• Assigned task: Give back exactly the lines of the material below, starting with the line with "Cross stud earrings #0480" and going on through the line with "The winner(s) for".
--- Exercise inputs Enclosed Below ---
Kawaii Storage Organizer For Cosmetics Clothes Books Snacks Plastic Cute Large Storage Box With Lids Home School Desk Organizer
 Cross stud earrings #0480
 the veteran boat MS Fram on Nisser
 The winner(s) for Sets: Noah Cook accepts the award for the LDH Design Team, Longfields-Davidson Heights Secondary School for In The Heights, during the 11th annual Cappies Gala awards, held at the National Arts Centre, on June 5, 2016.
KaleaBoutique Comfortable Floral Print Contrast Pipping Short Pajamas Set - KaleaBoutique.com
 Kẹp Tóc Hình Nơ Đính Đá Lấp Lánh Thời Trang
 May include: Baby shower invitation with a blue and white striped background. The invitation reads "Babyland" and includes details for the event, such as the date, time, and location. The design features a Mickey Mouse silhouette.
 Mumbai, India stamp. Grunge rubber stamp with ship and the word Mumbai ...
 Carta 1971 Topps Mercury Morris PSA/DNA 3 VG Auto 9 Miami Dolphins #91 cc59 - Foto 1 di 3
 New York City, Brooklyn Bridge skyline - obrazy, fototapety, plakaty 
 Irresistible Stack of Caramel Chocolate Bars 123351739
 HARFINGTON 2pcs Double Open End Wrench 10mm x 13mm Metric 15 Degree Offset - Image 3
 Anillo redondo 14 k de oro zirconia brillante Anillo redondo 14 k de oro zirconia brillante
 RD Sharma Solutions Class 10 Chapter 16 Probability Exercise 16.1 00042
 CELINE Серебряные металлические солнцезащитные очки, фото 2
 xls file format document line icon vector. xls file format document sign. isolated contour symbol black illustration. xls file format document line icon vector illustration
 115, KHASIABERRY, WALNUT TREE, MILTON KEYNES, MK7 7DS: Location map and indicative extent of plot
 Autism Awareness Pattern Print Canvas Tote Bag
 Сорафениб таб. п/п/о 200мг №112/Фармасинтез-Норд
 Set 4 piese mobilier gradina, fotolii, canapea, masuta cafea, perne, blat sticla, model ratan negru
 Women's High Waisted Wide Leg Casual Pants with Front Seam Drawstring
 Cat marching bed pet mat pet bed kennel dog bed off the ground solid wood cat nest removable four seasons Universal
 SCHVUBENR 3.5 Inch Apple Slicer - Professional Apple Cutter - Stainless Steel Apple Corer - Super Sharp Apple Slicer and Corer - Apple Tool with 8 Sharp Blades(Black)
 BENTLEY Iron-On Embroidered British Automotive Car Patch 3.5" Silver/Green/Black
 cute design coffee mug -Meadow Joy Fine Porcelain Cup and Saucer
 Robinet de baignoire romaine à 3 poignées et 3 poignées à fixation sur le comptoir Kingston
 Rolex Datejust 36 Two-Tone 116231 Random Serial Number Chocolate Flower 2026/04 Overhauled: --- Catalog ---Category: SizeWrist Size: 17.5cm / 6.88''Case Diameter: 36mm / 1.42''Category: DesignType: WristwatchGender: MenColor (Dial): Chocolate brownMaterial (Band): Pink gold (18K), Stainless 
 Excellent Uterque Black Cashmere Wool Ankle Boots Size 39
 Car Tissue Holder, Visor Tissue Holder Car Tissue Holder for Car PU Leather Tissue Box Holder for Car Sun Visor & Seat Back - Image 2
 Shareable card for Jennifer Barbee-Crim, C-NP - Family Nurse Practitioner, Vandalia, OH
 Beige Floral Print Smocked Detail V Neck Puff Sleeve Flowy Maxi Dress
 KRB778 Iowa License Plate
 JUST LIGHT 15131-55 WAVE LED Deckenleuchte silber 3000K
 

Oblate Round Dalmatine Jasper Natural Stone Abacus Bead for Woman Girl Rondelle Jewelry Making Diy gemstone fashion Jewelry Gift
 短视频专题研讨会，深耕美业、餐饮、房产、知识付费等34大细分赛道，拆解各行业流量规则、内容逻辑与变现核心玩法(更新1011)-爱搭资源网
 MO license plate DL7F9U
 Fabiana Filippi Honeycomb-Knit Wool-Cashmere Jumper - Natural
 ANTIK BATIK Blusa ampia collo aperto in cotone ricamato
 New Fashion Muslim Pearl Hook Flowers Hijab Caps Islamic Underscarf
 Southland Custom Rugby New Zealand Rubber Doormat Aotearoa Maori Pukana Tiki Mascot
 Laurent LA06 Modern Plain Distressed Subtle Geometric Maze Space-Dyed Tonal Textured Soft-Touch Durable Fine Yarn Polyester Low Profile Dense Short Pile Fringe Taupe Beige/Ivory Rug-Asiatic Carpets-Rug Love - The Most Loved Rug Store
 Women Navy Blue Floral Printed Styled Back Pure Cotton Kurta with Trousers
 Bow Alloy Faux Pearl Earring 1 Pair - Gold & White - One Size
--- End of Enclosed Exercise inputs ---
• Answer space:
 Cross stud earrings #0480
 the veteran boat MS Fram on Nisser
 The winner(s) for Sets: Noah Cook accepts the award for the LDH Design Team, Longfields-Davidson Heights Secondary School for In The Heights, during the 11th annual Cappies Gala awards, held at the National Arts Centre, on June 5, 2016.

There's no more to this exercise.